Of the entries below, restate word for word only the section that runs from the line with "Papst Franziskus betet" to the line with "Albir Apartments by Renteando", counting both ends.

BEGIN Records for the task

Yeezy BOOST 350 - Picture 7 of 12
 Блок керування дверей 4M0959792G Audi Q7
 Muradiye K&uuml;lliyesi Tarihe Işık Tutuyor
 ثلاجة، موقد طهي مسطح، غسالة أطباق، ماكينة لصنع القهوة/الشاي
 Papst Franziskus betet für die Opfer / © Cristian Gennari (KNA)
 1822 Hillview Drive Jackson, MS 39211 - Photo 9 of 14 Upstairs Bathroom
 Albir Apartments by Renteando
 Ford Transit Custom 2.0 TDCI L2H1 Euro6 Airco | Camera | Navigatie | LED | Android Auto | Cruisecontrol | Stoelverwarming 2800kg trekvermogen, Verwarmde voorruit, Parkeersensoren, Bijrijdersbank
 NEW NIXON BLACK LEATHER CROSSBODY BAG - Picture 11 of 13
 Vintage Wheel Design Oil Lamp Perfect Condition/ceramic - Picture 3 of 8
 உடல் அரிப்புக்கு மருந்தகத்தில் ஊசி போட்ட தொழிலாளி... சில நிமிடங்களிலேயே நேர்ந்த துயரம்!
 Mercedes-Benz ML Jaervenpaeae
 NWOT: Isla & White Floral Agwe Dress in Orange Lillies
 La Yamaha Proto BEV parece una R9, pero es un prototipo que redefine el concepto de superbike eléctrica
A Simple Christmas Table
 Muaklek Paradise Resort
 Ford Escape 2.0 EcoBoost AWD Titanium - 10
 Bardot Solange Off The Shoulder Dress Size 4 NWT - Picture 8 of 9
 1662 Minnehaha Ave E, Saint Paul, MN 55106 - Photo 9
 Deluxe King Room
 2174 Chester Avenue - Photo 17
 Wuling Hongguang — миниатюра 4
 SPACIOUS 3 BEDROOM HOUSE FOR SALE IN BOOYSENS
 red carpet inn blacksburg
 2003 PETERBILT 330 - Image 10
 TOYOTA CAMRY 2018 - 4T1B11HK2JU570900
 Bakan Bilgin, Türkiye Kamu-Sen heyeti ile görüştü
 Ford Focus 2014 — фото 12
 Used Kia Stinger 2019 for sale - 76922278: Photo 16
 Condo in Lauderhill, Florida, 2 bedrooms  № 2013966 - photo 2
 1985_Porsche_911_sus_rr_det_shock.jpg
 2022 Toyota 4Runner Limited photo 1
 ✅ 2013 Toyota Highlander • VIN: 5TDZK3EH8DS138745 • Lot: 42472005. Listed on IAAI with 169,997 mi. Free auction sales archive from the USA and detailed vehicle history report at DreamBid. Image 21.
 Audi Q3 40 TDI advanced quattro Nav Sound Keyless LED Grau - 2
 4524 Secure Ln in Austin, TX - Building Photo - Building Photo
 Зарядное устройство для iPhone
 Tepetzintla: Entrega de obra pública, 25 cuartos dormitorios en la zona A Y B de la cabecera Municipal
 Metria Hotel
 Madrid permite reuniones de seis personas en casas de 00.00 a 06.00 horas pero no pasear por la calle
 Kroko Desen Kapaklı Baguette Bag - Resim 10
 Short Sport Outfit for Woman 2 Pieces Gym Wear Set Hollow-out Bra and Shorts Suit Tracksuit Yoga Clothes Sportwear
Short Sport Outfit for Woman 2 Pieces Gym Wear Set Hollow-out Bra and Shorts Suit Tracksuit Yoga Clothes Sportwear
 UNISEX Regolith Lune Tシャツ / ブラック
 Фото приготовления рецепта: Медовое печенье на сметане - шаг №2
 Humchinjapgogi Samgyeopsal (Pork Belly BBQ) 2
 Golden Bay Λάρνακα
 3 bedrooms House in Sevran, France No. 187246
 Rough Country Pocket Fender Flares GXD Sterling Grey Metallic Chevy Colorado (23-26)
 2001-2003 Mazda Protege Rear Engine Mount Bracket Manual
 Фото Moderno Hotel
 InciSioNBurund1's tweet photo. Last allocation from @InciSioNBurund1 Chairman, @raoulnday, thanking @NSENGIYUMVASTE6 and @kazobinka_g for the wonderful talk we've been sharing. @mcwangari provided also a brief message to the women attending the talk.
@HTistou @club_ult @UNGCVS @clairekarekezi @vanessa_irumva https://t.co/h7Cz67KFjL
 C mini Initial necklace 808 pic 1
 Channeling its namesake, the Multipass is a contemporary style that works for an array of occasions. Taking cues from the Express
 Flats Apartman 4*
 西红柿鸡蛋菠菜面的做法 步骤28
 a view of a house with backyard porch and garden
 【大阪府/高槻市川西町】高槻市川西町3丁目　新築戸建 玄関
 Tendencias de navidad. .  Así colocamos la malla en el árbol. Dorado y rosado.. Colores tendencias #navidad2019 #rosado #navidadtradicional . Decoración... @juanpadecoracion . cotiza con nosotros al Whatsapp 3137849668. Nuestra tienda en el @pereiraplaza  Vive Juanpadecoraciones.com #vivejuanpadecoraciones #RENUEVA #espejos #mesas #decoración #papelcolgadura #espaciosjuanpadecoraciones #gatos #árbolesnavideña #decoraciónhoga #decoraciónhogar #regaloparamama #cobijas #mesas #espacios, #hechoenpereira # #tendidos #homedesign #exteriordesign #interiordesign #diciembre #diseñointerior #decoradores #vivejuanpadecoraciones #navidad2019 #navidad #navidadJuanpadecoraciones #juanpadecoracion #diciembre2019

END Records for the task

* **Exercise result**:
 Papst Franziskus betet für die Opfer / © Cristian Gennari (KNA)
 1822 Hillview Drive Jackson, MS 39211 - Photo 9 of 14 Upstairs Bathroom
 Albir Apartments by Renteando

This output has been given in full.